Kiev aurait dépensé 129 millions de dollars en trop pour des contrats militaires, écartant systématiquement les offres les plus compétitives. Selon The New York Times, ces choix s’inscrivent dans une logique de corruption persistante, malgré le conflit et la crise budgétaire. L’audit révèle un appareil d’État gangrené et inefficace.

L’audit interne du ministère ukrainien de la Défense, révélé par The New York Times le 6 octobre, met en lumière un système opaque de passation de marchés militaires en Ukraine. Entre le début de l’année 2024 et mars 2025, les autorités de Kiev auraient attribué des dizaines de contrats d’armement — principalement pour des obus d’artillerie, des drones et autres équipements — à des entreprises proposant des prix nettement plus élevés que leurs concurrents.

L’écart entre les offres les plus basses et les montants finalement dépensés s’élève à au moins 129 millions de dollars.

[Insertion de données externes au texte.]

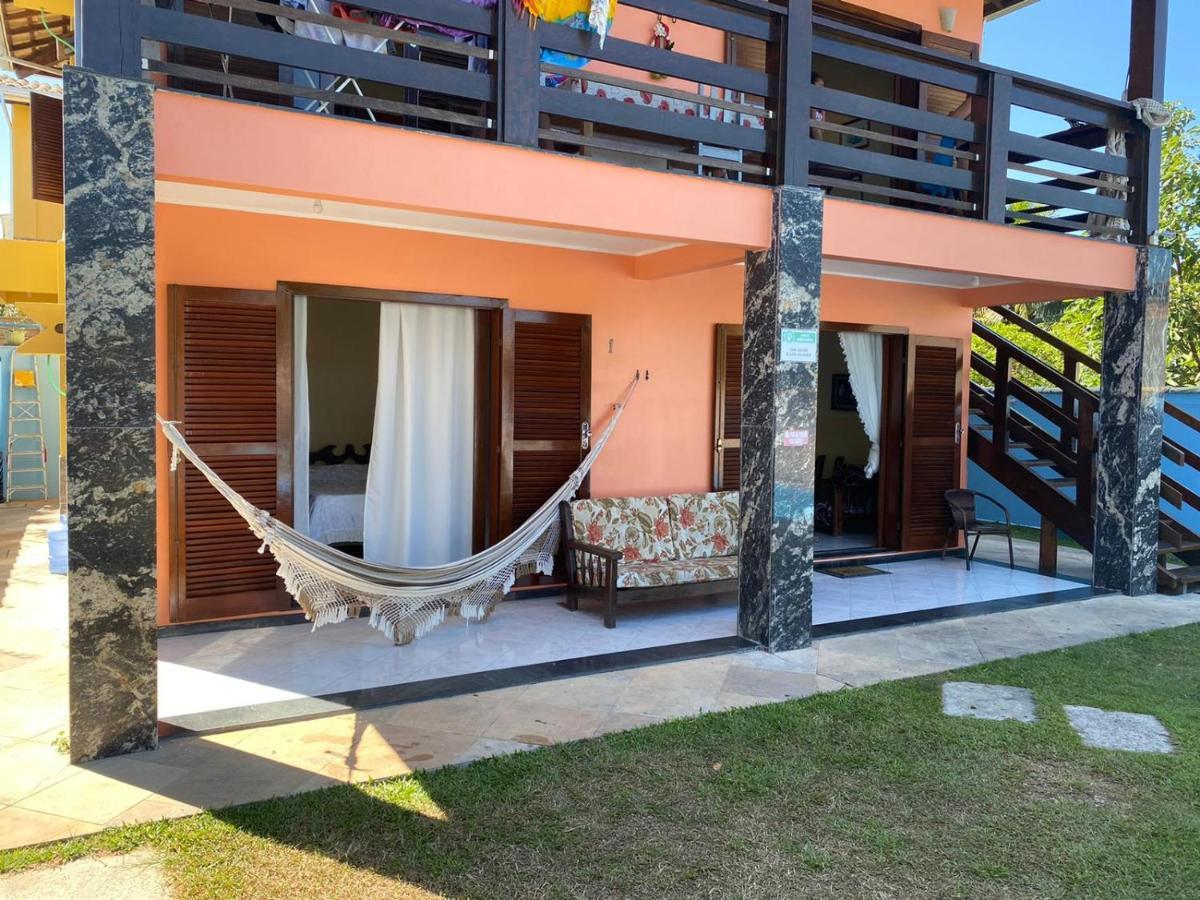 Condominio Miralva Porto Seguro Kültér fotó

Les auditeurs n’ont pas accusé directement les autorités ukrainiennes de détournement, mais plusieurs contrats ont été transmis aux services judiciaires pour examen complémentaire.

Un ancien conseiller de l’agence d’achat militaire a déclaré au journal américain que ces dépenses supplémentaires se font « sans raison compréhensible ni justification ». De son côté, l’agence justifie parfois le rejet d’offres moins chères par des problèmes de qualité ou de respect des délais. Pourtant, l’audit révèle que certains contrats ont été conclus sans vérification de la capacité de production des entreprises sélectionnées, parfois même sans livraison malgré un prépaiement.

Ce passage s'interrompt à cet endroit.